Kündigung ist unwirksam: Konflikt um Staatliche Ballettschule Berlin schwelt weiter

Im vergangenen Jahr wurde dem Leiter der Eliteschule gekündigt - das was laut Gericht nicht rechtens. Aber das Verfahren ist noch nicht beendet.

Der gekündigte Leiter der Staatlichen Ballett- und Artistikschule, Ralf Stabel, hat vor Gericht erneut einen Erfolg errungen. Nachdem er in den Verfahren um drei verschiedene Kündigungen jeweils in der ersten Instanz gesiegt hatte, folgte auch das Landesarbeitsgericht am Donnerstag der Auffassung, wonach die Kündigung vom 3. Juni 2020 „unwirksam und der Kläger weiterhin als Schulleiter der Staatlichen Ballettschule Berlin und Schule für Artistik zu beschäftigten ist“.

Das bedeutet aber noch nicht, dass Stabel an die Schule zurückkehren kann.

Stabels Anwalt Jens Brückner erläuterte auf Anfrage, dass die Verfahren bezüglich der beiden anderen Kündigungen noch anhängig seien. Theoretisch könne die Verwaltung auch weitere Kündigungen aussprechen. Zudem ist in dem jetzt entschiedenen Verfahren Revision vor dem Bundesarbeitsgericht zugelassen.

Da bis zu einer gerichtlichen Klärung aller Vorwürfe gegen Stabel noch viel Zeit ins Land gehen könnte, gibt es parallel Vergleichsverhandlungen. Wie berichtet, hatte die Verwaltung Stabel erfolglos eine Stelle als Referent angeboten.

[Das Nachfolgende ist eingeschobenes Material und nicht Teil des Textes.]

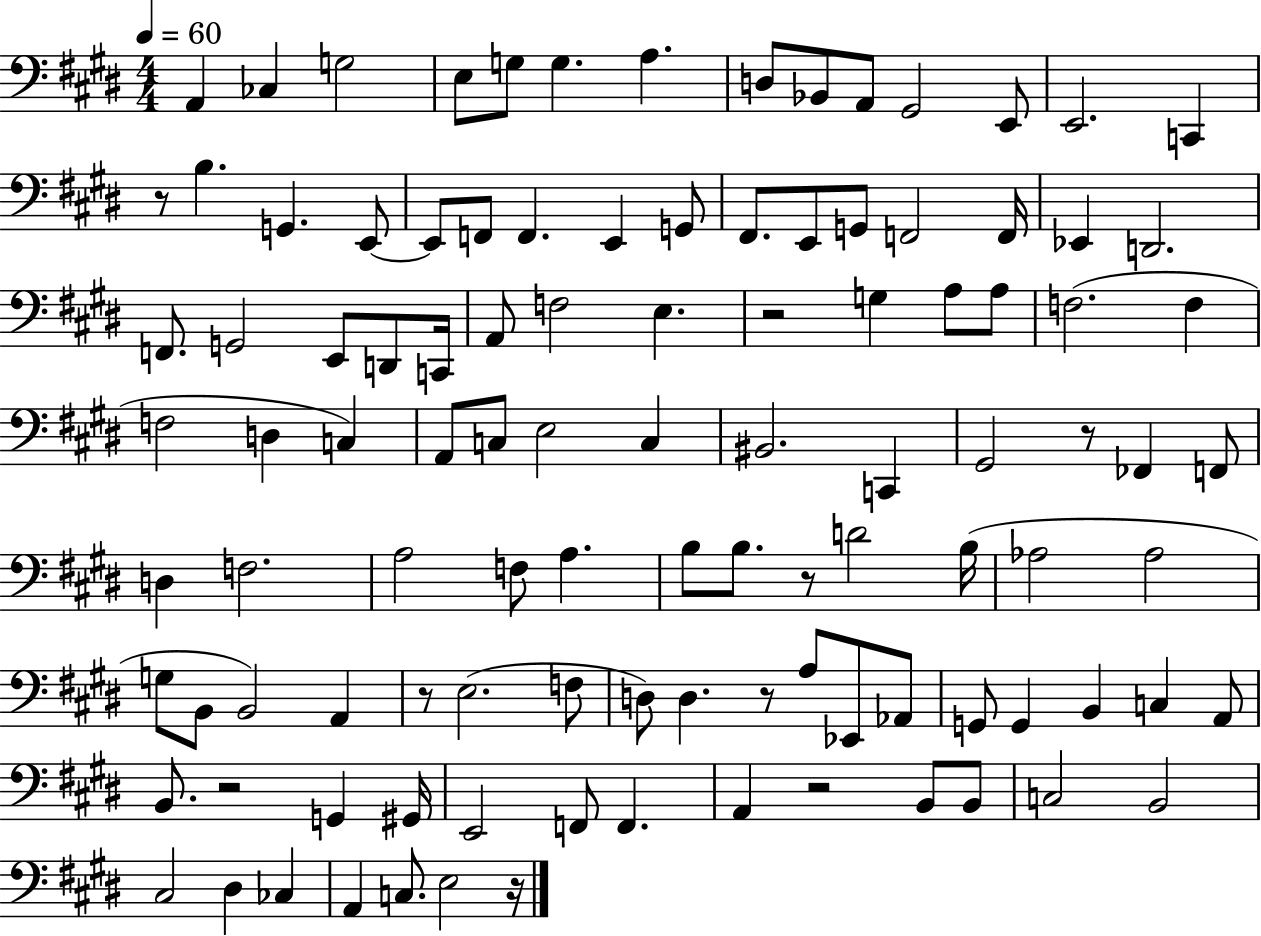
A2/q CES3/q G3/h E3/e G3/e G3/q. A3/q. D3/e Bb2/e A2/e G#2/h E2/e E2/h. C2/q R/e B3/q. G2/q. E2/e E2/e F2/e F2/q. E2/q G2/e F#2/e. E2/e G2/e F2/h F2/s Eb2/q D2/h. F2/e. G2/h E2/e D2/e C2/s A2/e F3/h E3/q. R/h G3/q A3/e A3/e F3/h. F3/q F3/h D3/q C3/q A2/e C3/e E3/h C3/q BIS2/h. C2/q G#2/h R/e FES2/q F2/e D3/q F3/h. A3/h F3/e A3/q. B3/e B3/e. R/e D4/h B3/s Ab3/h Ab3/h G3/e B2/e B2/h A2/q R/e E3/h. F3/e D3/e D3/q. R/e A3/e Eb2/e Ab2/e G2/e G2/q B2/q C3/q A2/e B2/e. R/h G2/q G#2/s E2/h F2/e F2/q. A2/q R/h B2/e B2/e C3/h B2/h C#3/h D#3/q CES3/q A2/q C3/e. E3/h R/s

Bei der ersten Kündigung ging es um angeblich zu Unrecht ausgestellte Zeugnisse und angeblich zu wenig erteilte Unterrichtsstunden. Im Rahmen der zweiten Kündigung wurde Stabel vorgeworfen, den Schülern zu kurze Ruhezeiten nach Auftritten in der Staatsoper eingeräumt zu haben. Die dritte Kündigung hat Reisekostenabrechnungen zum Gegenstand.

Eine betroffene Familie wandte sich an die Arbeitsverwaltung

Die Zulässigkeit der Auftritte hatte die für den Jugendarbeitsschutz zuständige Senatsverwaltung für Arbeit lange Zeit mit der besonderen Einrichtungsverfügung der Schule begründet. Eine der betroffenen Familien wollte sich damit nicht abfinden und fragte bei der Arbeitsverwaltung monatelang nach, ob sie an der Einschätzung festhalte. Ende Mai kam die Antwort, die dem Tagesspiegel vorliegt.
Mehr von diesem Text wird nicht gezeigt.